Anna, who was hiding with her family in Kyiv, told Zenger News in an exclusive interview shortly after her husband was injured: “As soon as my husband found out that the Russians were attacking us, he decided to come and take me and the child to his home.”
She added: “We had prepared all the papers shortly before departure for our return [to Germany] via Poland.”
Anna also said at the time: “He came under fire 30 kilometers before reaching me. His mobile phone and car were destroyed in the attack, and now we are in different cities.
“He is in Borodyanka, and I am with my family in Kyiv, since we do not have the opportunity to leave.”
It was out of the question for the German firefighter that he would leave Ukraine without Anna.

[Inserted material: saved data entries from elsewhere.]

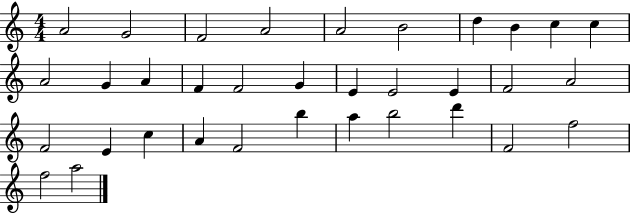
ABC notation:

X:1
T:Untitled
M:4/4
L:1/4
K:C
A2 G2 F2 A2 A2 B2 d B c c A2 G A F F2 G E E2 E F2 A2 F2 E c A F2 b a b2 d' F2 f2 f2 a2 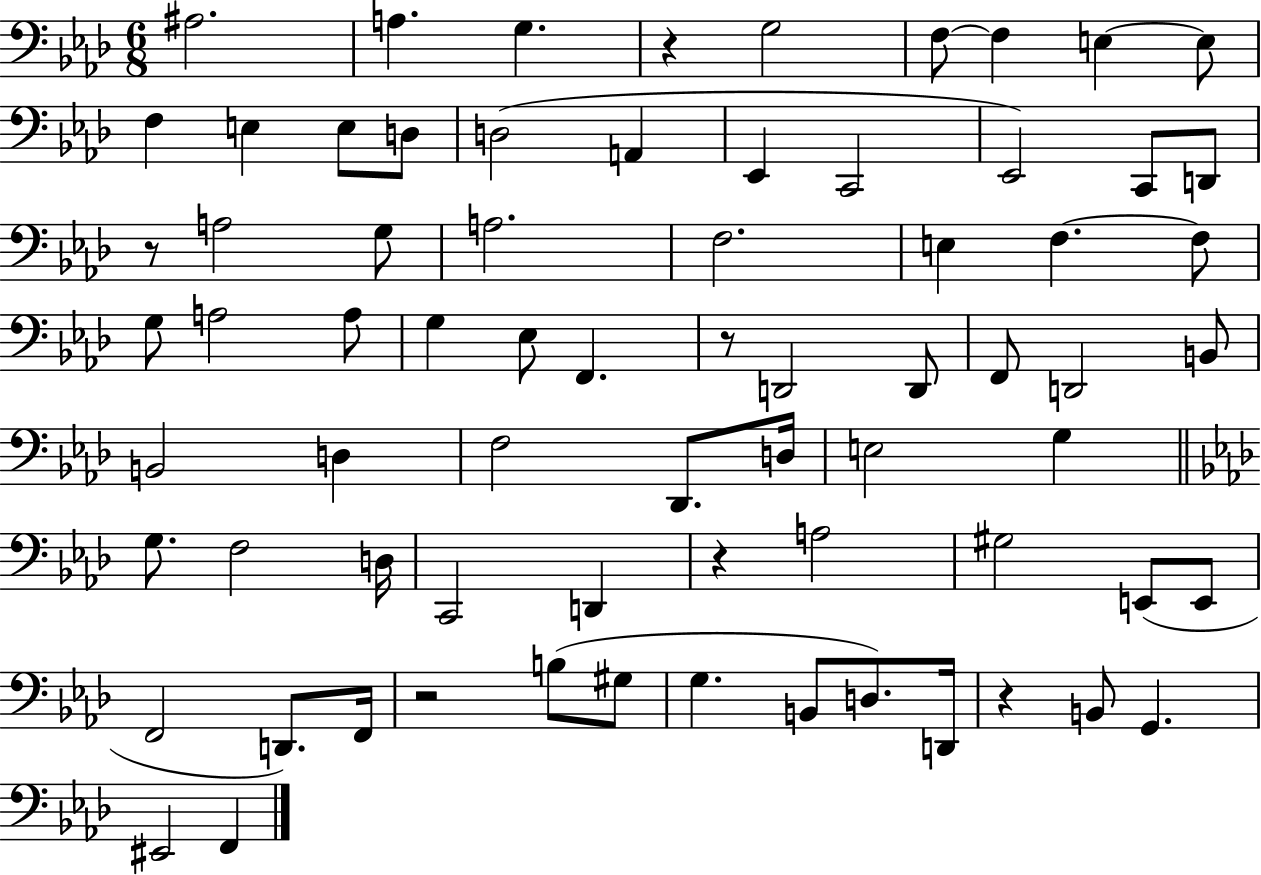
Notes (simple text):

A#3/h. A3/q. G3/q. R/q G3/h F3/e F3/q E3/q E3/e F3/q E3/q E3/e D3/e D3/h A2/q Eb2/q C2/h Eb2/h C2/e D2/e R/e A3/h G3/e A3/h. F3/h. E3/q F3/q. F3/e G3/e A3/h A3/e G3/q Eb3/e F2/q. R/e D2/h D2/e F2/e D2/h B2/e B2/h D3/q F3/h Db2/e. D3/s E3/h G3/q G3/e. F3/h D3/s C2/h D2/q R/q A3/h G#3/h E2/e E2/e F2/h D2/e. F2/s R/h B3/e G#3/e G3/q. B2/e D3/e. D2/s R/q B2/e G2/q. EIS2/h F2/q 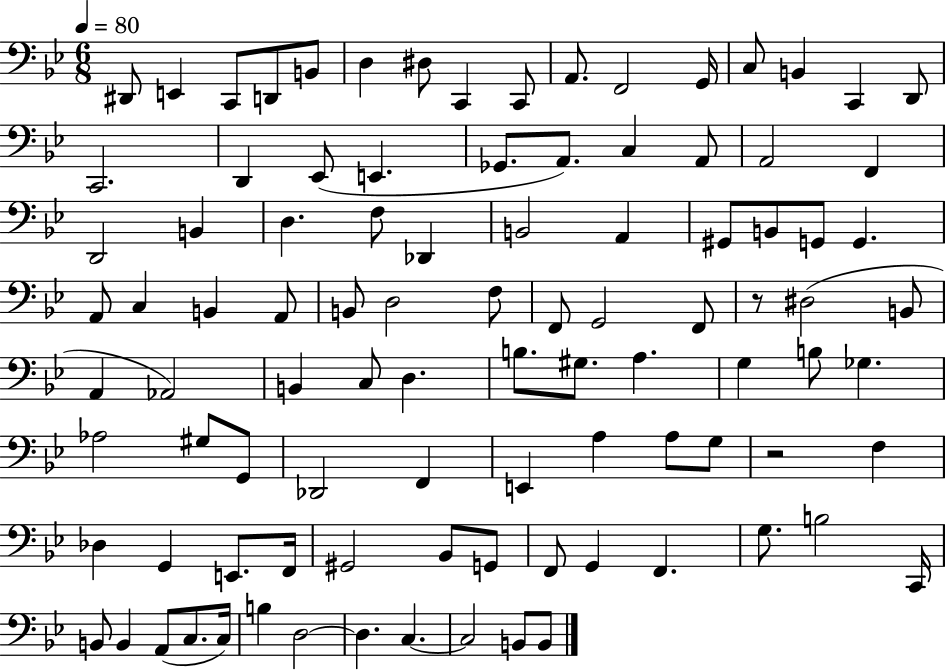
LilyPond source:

{
  \clef bass
  \numericTimeSignature
  \time 6/8
  \key bes \major
  \tempo 4 = 80
  dis,8 e,4 c,8 d,8 b,8 | d4 dis8 c,4 c,8 | a,8. f,2 g,16 | c8 b,4 c,4 d,8 | \break c,2. | d,4 ees,8( e,4. | ges,8. a,8.) c4 a,8 | a,2 f,4 | \break d,2 b,4 | d4. f8 des,4 | b,2 a,4 | gis,8 b,8 g,8 g,4. | \break a,8 c4 b,4 a,8 | b,8 d2 f8 | f,8 g,2 f,8 | r8 dis2( b,8 | \break a,4 aes,2) | b,4 c8 d4. | b8. gis8. a4. | g4 b8 ges4. | \break aes2 gis8 g,8 | des,2 f,4 | e,4 a4 a8 g8 | r2 f4 | \break des4 g,4 e,8. f,16 | gis,2 bes,8 g,8 | f,8 g,4 f,4. | g8. b2 c,16 | \break b,8 b,4 a,8( c8. c16) | b4 d2~~ | d4. c4.~~ | c2 b,8 b,8 | \break \bar "|."
} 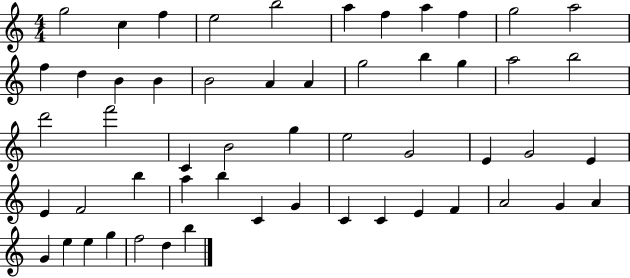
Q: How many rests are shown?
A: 0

He said: “For me it was clear that I would not cross the border without her. We then phoned. She knew now that west or southwest, the road to Vinnytsia was the only one that was still passable. And she actually made it to Vinnytsia with her mother and her son via this road.”
The firefighter said: “When I saw her again, there were tears of joy. I was relieved that we made it.”
He added: “And now her mother, her aunt, her sister, and her son also living with us.”
Meiling reached Poland with his wife, Anna, and her son, Sascha.
Now back in Germany, the firefighter added that they were not able to “settle down” because Anna’s grandparents are still in Ukraine, including her ailing, 87-year-old grandmother.
Meiling is now out of the woods, but there are still shrapnel fragments from the Russian shells left embedded in his head, including in his right eye, and he needs regular checks, with the lead levels in his body monitored closely by doctors in Germany.
Recovering from his injuries now safe and sound back in Germany, Meiling said: “I am on the mend. The scratches on my head will remain, the splinters in my head will remain, but so far I’m fine.”
He explained that he was used to dealing with stressful situations thanks to his experience as a firefighter, but he also said, speaking of his experience of being hospitalized in Ukraine while it was being invaded by Russian soldiers: “The nights in the hospital were the worst because you didn’t know when the next attack would come when you’d have to go back to the basement.
“The hospital was also shot at. Thank God I don’t have any sleeping problems here at home.”
He added that his wife is “a bit traumatized”, but is doing much better now that she is in Germany.
Meiling also said that he was well aware of the risks that he took, but he said: “Of course, I also thought about what other people say. But in the end, you get past it.
“Whether family or friends, they were not in my situation.
“For me, it was the only right thing to do in this situation. And I would do it again, anytime.
“The risk is clear. You drive into a war zone, and you hope nothing happens. There’s no other way to say it: you just hope. And now it is done.”